Records from a data collection
=====

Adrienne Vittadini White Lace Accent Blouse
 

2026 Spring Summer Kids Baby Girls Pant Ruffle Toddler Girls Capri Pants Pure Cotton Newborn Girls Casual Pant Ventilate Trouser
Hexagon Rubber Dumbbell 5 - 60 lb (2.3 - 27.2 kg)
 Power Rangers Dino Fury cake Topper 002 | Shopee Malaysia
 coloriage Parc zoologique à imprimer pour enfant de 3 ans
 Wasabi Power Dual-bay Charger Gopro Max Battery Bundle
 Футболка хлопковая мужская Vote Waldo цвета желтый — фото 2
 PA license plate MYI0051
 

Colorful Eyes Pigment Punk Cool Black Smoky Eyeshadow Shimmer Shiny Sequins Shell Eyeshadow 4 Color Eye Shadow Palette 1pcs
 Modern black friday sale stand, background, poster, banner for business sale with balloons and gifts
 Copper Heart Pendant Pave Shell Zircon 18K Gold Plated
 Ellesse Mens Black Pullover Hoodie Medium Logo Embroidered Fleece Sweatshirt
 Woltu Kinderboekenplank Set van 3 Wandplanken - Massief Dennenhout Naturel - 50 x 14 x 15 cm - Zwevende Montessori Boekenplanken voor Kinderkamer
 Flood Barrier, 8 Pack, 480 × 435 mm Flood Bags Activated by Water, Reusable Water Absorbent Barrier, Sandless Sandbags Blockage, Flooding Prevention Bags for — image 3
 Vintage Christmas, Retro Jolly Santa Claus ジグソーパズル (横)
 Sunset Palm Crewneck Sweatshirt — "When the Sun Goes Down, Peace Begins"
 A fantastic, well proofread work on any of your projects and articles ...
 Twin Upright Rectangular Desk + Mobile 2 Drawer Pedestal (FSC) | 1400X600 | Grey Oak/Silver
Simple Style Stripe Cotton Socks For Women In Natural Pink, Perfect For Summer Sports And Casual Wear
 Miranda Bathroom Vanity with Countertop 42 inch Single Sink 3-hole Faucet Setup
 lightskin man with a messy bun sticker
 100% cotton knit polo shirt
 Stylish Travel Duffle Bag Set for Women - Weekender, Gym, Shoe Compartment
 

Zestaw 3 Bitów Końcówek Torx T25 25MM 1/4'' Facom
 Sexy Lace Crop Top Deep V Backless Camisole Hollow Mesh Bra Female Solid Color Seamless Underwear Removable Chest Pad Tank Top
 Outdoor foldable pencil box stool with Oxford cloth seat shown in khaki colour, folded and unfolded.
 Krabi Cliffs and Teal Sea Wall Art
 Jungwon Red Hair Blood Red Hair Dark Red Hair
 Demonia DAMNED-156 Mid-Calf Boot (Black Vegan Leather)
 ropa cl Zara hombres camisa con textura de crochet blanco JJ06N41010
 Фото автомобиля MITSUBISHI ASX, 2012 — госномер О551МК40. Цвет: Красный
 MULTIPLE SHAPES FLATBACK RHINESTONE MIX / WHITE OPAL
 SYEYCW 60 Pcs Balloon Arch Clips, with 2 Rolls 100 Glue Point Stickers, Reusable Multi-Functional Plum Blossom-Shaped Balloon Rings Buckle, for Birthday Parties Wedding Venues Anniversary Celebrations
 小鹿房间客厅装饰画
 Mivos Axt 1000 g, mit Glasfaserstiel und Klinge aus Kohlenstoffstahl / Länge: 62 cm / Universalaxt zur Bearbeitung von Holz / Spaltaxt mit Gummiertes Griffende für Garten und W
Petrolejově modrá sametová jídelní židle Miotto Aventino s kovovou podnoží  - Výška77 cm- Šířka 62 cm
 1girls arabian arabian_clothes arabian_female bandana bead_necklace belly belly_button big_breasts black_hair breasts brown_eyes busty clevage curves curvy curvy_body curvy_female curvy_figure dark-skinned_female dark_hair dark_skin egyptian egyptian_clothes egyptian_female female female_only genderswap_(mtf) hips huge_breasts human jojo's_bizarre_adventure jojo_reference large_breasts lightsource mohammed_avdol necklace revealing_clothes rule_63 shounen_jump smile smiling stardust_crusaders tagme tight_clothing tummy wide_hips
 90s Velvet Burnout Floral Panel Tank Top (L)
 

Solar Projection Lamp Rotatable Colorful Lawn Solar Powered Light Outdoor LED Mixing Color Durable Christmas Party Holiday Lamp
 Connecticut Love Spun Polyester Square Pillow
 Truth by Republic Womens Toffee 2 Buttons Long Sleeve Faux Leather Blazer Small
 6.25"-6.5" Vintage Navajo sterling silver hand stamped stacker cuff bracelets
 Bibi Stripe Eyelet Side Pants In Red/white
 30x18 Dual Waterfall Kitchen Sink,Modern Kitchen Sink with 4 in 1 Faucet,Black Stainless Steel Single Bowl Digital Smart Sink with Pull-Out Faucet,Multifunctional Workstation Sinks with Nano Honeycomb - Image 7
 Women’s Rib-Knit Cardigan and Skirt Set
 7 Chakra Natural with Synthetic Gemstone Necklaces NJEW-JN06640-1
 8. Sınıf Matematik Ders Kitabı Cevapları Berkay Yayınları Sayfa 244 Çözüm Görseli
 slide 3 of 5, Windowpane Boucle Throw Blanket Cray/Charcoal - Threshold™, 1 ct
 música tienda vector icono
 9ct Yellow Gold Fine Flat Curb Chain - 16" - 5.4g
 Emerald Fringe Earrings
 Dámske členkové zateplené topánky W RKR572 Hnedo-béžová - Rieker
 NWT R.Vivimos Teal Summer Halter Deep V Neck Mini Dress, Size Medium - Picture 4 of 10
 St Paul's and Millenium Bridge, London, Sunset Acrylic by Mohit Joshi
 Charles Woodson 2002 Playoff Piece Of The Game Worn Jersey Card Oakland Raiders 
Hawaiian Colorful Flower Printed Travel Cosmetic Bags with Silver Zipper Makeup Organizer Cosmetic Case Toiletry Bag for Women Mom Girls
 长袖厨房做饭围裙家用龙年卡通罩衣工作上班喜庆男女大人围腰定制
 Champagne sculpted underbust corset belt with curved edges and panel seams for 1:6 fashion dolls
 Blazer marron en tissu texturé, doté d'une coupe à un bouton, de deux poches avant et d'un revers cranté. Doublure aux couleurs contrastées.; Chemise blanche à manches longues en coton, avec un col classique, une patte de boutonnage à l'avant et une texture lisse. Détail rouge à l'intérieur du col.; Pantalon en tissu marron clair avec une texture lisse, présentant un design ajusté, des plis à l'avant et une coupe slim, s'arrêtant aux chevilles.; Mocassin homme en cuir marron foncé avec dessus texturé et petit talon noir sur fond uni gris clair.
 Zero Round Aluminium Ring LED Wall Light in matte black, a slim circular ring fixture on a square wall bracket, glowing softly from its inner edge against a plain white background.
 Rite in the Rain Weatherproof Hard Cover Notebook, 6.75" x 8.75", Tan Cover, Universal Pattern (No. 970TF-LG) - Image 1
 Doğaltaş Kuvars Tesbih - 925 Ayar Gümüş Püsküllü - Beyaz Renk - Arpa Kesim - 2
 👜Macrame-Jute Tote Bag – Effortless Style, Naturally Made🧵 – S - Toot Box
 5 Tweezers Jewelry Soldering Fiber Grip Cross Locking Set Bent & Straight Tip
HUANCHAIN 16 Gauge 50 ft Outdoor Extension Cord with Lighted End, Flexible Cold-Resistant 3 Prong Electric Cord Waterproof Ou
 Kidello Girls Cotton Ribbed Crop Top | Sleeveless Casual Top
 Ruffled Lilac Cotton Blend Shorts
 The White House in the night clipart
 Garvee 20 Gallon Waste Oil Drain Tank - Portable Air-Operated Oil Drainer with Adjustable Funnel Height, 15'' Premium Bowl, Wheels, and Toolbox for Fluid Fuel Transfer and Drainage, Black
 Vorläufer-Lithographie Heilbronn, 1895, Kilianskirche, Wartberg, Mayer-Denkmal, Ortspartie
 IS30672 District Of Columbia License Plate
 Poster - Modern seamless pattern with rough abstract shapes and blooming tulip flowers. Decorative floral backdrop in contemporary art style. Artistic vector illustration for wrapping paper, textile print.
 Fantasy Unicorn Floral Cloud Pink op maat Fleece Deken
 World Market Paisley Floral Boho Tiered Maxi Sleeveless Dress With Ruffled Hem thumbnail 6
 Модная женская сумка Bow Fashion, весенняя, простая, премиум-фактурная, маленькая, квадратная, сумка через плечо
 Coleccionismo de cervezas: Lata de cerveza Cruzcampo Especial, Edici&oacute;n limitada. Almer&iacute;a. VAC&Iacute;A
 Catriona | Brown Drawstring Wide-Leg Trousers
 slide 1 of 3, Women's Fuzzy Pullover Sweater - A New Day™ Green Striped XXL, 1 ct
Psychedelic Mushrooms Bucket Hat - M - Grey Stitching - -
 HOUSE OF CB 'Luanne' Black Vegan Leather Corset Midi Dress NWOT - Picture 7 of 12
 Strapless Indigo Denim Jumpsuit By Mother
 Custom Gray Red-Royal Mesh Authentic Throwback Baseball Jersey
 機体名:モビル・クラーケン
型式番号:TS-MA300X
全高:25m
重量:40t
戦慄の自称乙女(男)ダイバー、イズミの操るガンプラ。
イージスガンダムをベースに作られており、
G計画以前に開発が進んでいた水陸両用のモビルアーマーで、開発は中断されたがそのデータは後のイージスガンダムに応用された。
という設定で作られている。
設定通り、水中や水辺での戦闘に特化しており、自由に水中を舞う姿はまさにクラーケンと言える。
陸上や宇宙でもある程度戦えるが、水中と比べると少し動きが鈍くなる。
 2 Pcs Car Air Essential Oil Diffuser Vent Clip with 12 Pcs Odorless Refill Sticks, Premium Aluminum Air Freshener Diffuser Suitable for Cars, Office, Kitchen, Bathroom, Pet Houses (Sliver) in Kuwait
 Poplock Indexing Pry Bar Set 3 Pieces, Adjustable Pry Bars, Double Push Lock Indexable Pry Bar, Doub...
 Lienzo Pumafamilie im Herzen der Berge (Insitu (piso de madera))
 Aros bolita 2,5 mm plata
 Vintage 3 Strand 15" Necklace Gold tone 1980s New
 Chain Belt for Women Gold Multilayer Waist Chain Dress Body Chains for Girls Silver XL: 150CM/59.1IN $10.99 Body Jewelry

=====

Work order
Given the records above, restate word for word only the lines starting at the one with "SYEYCW 60 Pcs" and ending at the one with "30x18 Dual Waterfall".

Answer
 SYEYCW 60 Pcs Balloon Arch Clips, with 2 Rolls 100 Glue Point Stickers, Reusable Multi-Functional Plum Blossom-Shaped Balloon Rings Buckle, for Birthday Parties Wedding Venues Anniversary Celebrations
 小鹿房间客厅装饰画
 Mivos Axt 1000 g, mit Glasfaserstiel und Klinge aus Kohlenstoffstahl / Länge: 62 cm / Universalaxt zur Bearbeitung von Holz / Spaltaxt mit Gummiertes Griffende für Garten und W
Petrolejově modrá sametová jídelní židle Miotto Aventino s kovovou podnoží  - Výška77 cm- Šířka 62 cm
 1girls arabian arabian_clothes arabian_female bandana bead_necklace belly belly_button big_breasts black_hair breasts brown_eyes busty clevage curves curvy curvy_body curvy_female curvy_figure dark-skinned_female dark_hair dark_skin egyptian egyptian_clothes egyptian_female female female_only genderswap_(mtf) hips huge_breasts human jojo's_bizarre_adventure jojo_reference large_breasts lightsource mohammed_avdol necklace revealing_clothes rule_63 shounen_jump smile smiling stardust_crusaders tagme tight_clothing tummy wide_hips
 90s Velvet Burnout Floral Panel Tank Top (L)
 

Solar Projection Lamp Rotatable Colorful Lawn Solar Powered Light Outdoor LED Mixing Color Durable Christmas Party Holiday Lamp
 Connecticut Love Spun Polyester Square Pillow
 Truth by Republic Womens Toffee 2 Buttons Long Sleeve Faux Leather Blazer Small
 6.25"-6.5" Vintage Navajo sterling silver hand stamped stacker cuff bracelets
 Bibi Stripe Eyelet Side Pants In Red/white
 30x18 Dual Waterfall Kitchen Sink,Modern Kitchen Sink with 4 in 1 Faucet,Black Stainless Steel Single Bowl Digital Smart Sink with Pull-Out Faucet,Multifunctional Workstation Sinks with Nano Honeycomb - Image 7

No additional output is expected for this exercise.